## About this task
Using the data below, transcribe exactly everything from the line that contains "1 Bedroom Flat" down to the line that contains "Groene voortuin van". Include both of those lines and none of the pictures.
Entries shown START
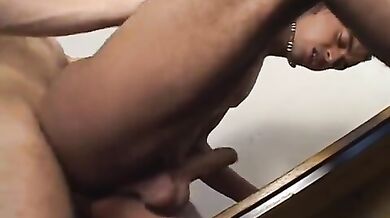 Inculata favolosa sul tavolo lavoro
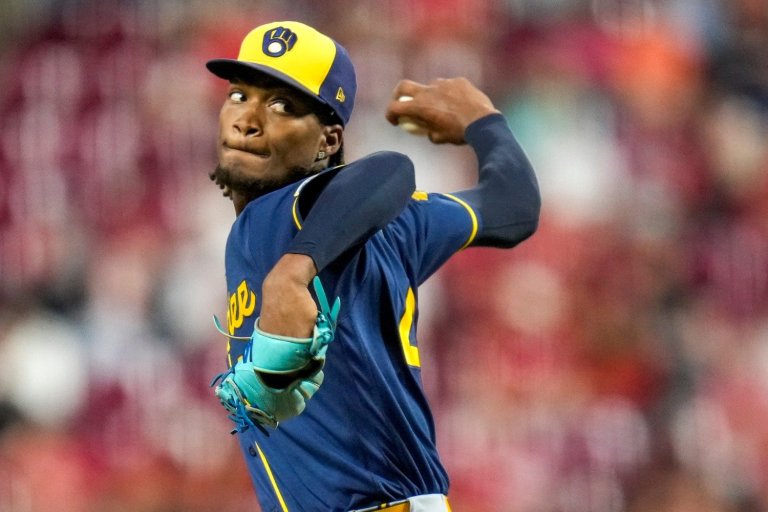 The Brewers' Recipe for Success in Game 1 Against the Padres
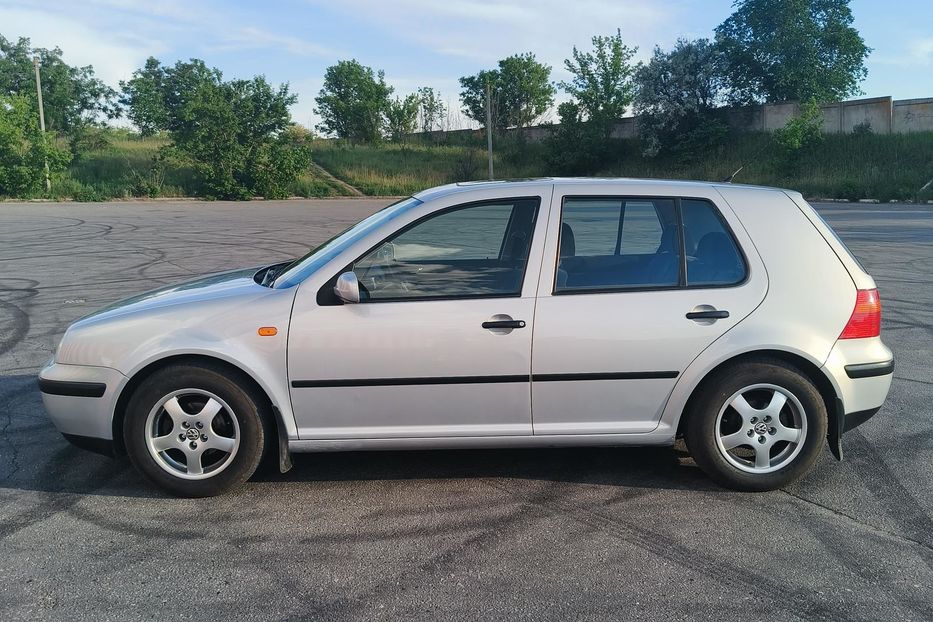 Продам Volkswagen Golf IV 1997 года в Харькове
Entries shown END
Entries shown START
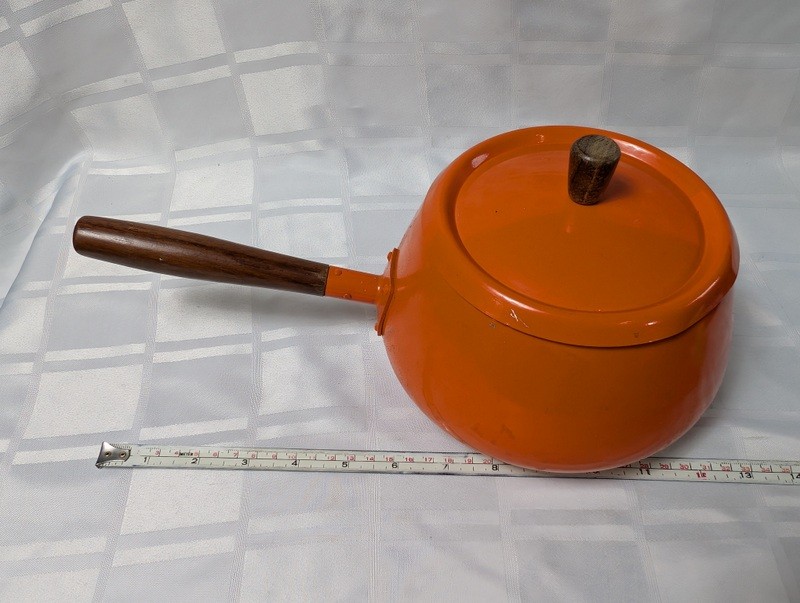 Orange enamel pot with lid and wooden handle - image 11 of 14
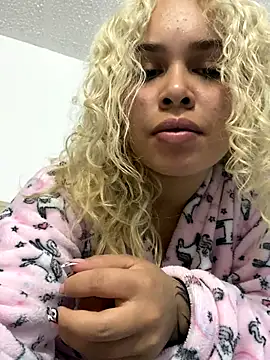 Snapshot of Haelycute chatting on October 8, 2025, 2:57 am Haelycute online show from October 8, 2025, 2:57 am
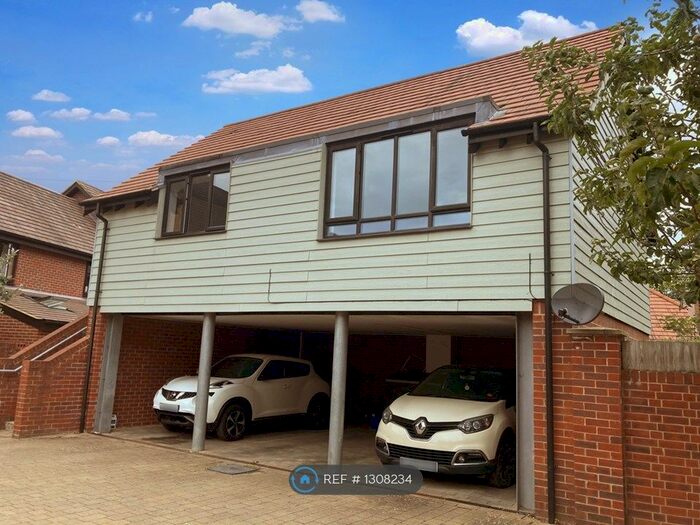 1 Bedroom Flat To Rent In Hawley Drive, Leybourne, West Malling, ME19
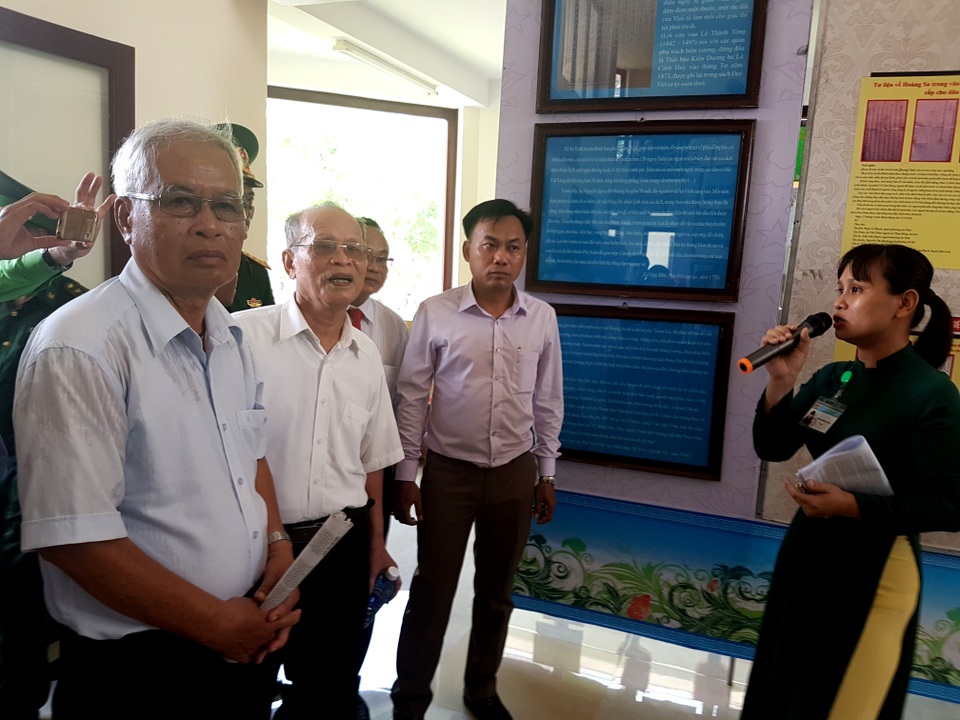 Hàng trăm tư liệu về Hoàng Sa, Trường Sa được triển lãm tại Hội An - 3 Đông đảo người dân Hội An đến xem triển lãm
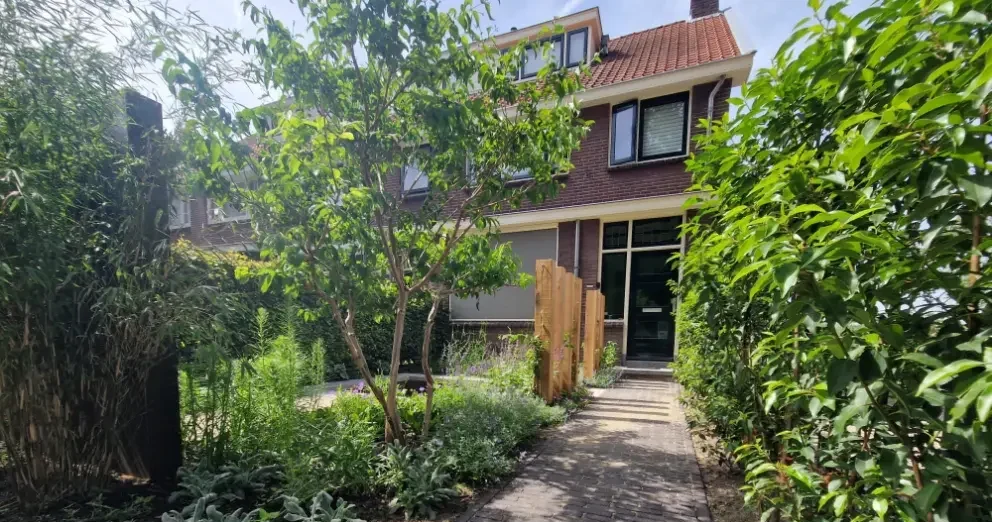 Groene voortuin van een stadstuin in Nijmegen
Entries shown END
## Output for this exercise
 1 Bedroom Flat To Rent In Hawley Drive, Leybourne, West Malling, ME19
 Hàng trăm tư liệu về Hoàng Sa, Trường Sa được triển lãm tại Hội An - 3 Đông đảo người dân Hội An đến xem triển lãm
 Groene voortuin van een stadstuin in Nijmegen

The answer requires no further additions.